宇多丸氏: 文章としてはそんなに変わらないんじゃないですかね? むしろ、例えば注釈とかがつけやすくなるんだったら、結構いいかなと。本当は、自分が書く原稿には、脚注・注釈を際限なくつけていきたいので、そういう意味ではいいですよね。ちょっとクリックするとイメージやキャプションが出てきたりして、いまみたいにいちいちそれを下で参照してみたいなのが解消されるんだったらいいかなって。映画の本とかだと、どうしても脚注が多いので。
――いま、出版社の9割が赤字と言われているんですけれども、その中において電子書籍の登場というのは助けになりそうですかね。
宇多丸氏: 電子書籍と普通の本の関係って、ちょっとラジオとインターネットに似ているかなっと思うところもあって。例えばインターネットって、要は大半が文字情報じゃないですか。若者が本を読まないって言われて久しかったけど、実はみんな「文字」自体はすごく読むようになってるってことでしょ。つまり、インターネットのおかげで文字情報文化が復権したとも言えるかもしれない。同じようにラジオも、完全に滅びかけの古いメディアだと思われてたけど、みんながスマートフォンなどを持っていて、道を歩くとき何らかの「音」を聞いているこの時代、音楽以外の情報コンテンツとして、むしろラジオ発のポッドキャストが人気だったりする。だから、悲観するよりもチャンス到来って考えたほうがいいと思いますよ。
――将来的に、電子書籍はどんな存在になっていたら良いなと思いますか。
宇多丸氏: もうちょっとディスプレイが軽くて薄くなってくれれば、やっぱりそれに越した事はないですよね。現状、いくら軽いといっても、やっぱりちょっと持ち運びには不便さを感じますよね。あれが、折り畳めたりして通常はコンパクトだけど、開くと全部画面だとか、そういう感じになったらいいなとは思います。そうなると紙資源問題とかにも役立ちますよね。ただ、手書きという行為自体が無くなるとも思いませんけど。絶対にそれは。紙に書かないとダメな事は絶対にあると思うし。

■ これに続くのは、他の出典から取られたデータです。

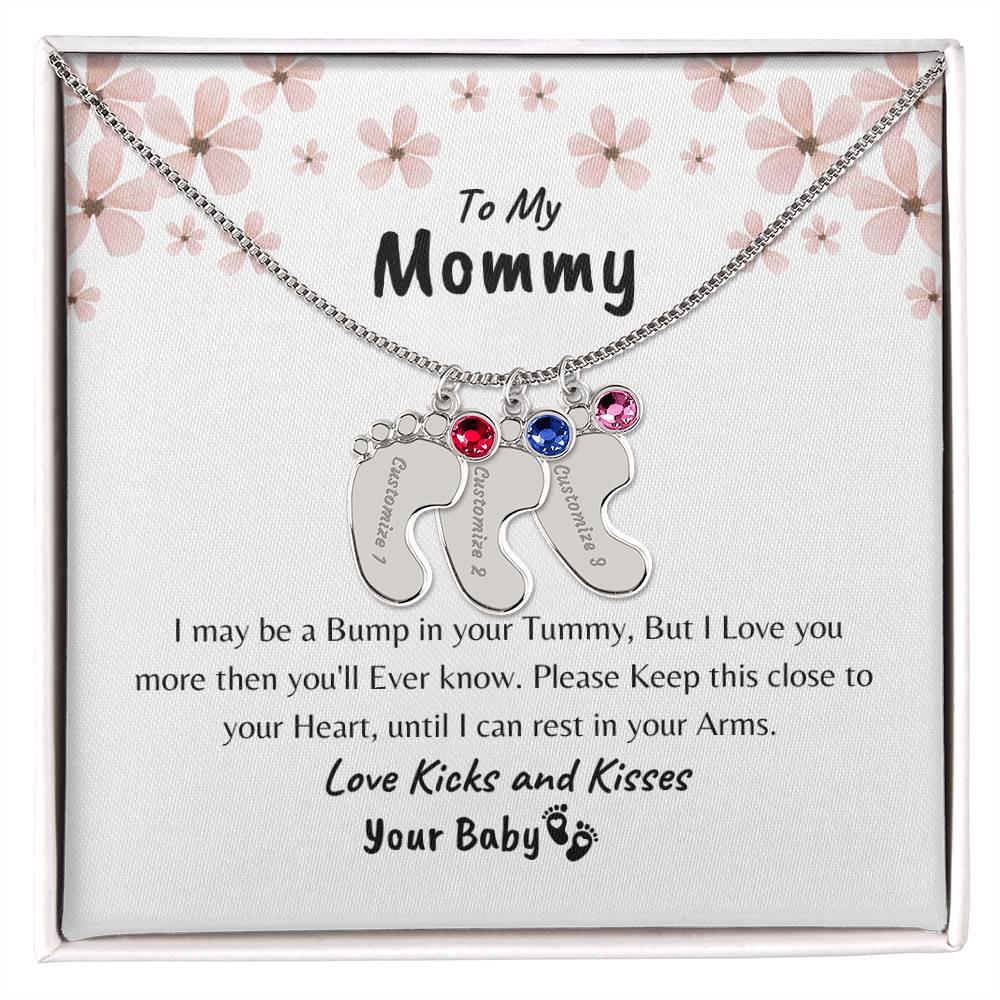 Mommy to be, Personalized baby Foot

――今、手書きという話題が出たんですけど、アイデアや歌詞、ラジオで話す事のネタ帳ってあると思うんですけど、宇多丸さんはどうなさっているんですか?
宇多丸氏: 「シネマハスラー」だけはガッチリ、ノートを書いています。メモというよりは、自分用の台本に近いですね。当日放送する時間前に、家でやるんですけど、最近は2~3時間はかかるようになっちゃっていました。このネタを話したら、次はこの話…みたいに順番をつけているんです。
以前、もうちょっと台本が短い時期は、ドトールとかで書いていたんですけど、ちょっと書く量が多くなりすぎちゃって。あと、歌詞とかは家で書いていますしね。